## TASK BRIEF:
Print the records below from the first line through the line containing "Furniture of America", both included, word for word.

## SOURCE MATERIAL:
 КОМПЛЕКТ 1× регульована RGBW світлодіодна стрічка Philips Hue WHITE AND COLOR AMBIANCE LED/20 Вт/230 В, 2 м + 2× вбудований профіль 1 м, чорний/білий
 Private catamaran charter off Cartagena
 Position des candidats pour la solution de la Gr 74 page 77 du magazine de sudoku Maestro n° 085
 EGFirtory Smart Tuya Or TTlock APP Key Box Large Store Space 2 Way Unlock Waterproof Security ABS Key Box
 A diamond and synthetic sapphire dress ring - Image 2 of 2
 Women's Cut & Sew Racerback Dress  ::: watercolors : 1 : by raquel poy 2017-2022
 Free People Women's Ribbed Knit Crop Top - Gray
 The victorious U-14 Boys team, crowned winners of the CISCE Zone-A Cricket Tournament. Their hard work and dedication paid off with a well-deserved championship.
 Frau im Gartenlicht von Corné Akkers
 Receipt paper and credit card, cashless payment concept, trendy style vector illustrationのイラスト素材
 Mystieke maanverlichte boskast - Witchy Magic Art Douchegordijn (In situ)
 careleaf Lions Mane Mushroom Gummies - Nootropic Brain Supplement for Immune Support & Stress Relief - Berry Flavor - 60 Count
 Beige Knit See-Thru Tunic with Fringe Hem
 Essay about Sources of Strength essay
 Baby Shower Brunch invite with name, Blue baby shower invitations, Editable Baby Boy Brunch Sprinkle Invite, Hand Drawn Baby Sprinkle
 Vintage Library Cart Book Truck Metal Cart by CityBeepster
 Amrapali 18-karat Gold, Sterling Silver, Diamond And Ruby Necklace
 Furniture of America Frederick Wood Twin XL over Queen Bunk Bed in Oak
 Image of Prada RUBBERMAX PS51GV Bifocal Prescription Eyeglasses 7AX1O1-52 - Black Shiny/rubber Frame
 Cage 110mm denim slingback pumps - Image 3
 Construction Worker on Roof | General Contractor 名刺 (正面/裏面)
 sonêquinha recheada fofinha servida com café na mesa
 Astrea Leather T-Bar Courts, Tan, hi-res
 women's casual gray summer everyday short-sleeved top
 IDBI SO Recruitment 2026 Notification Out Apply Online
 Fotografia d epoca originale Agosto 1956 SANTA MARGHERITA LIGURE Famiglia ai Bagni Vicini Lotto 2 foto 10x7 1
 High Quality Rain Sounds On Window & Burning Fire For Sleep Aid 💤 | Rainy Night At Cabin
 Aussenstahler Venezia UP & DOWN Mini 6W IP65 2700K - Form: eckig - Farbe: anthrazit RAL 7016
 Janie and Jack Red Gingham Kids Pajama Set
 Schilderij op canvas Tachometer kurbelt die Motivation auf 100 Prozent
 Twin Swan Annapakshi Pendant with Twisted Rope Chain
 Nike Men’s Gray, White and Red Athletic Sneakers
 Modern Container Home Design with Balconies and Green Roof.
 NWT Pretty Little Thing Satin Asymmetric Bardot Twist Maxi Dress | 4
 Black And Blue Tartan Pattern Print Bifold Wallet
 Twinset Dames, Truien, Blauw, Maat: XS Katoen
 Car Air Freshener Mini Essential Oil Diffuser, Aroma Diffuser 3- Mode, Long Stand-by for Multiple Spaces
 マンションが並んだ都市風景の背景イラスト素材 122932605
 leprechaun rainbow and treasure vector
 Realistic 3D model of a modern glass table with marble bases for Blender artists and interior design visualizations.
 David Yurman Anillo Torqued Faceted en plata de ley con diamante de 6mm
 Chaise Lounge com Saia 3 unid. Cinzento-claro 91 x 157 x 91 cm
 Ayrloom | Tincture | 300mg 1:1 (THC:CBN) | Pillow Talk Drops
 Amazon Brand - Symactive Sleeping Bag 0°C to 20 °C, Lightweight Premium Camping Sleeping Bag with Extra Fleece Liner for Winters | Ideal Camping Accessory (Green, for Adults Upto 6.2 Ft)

## TASK RESPONSE:
 КОМПЛЕКТ 1× регульована RGBW світлодіодна стрічка Philips Hue WHITE AND COLOR AMBIANCE LED/20 Вт/230 В, 2 м + 2× вбудований профіль 1 м, чорний/білий
 Private catamaran charter off Cartagena
 Position des candidats pour la solution de la Gr 74 page 77 du magazine de sudoku Maestro n° 085
 EGFirtory Smart Tuya Or TTlock APP Key Box Large Store Space 2 Way Unlock Waterproof Security ABS Key Box
 A diamond and synthetic sapphire dress ring - Image 2 of 2
 Women's Cut & Sew Racerback Dress  ::: watercolors : 1 : by raquel poy 2017-2022
 Free People Women's Ribbed Knit Crop Top - Gray
 The victorious U-14 Boys team, crowned winners of the CISCE Zone-A Cricket Tournament. Their hard work and dedication paid off with a well-deserved championship.
 Frau im Gartenlicht von Corné Akkers
 Receipt paper and credit card, cashless payment concept, trendy style vector illustrationのイラスト素材
 Mystieke maanverlichte boskast - Witchy Magic Art Douchegordijn (In situ)
 careleaf Lions Mane Mushroom Gummies - Nootropic Brain Supplement for Immune Support & Stress Relief - Berry Flavor - 60 Count
 Beige Knit See-Thru Tunic with Fringe Hem
 Essay about Sources of Strength essay
 Baby Shower Brunch invite with name, Blue baby shower invitations, Editable Baby Boy Brunch Sprinkle Invite, Hand Drawn Baby Sprinkle
 Vintage Library Cart Book Truck Metal Cart by CityBeepster
 Amrapali 18-karat Gold, Sterling Silver, Diamond And Ruby Necklace
 Furniture of America Frederick Wood Twin XL over Queen Bunk Bed in Oak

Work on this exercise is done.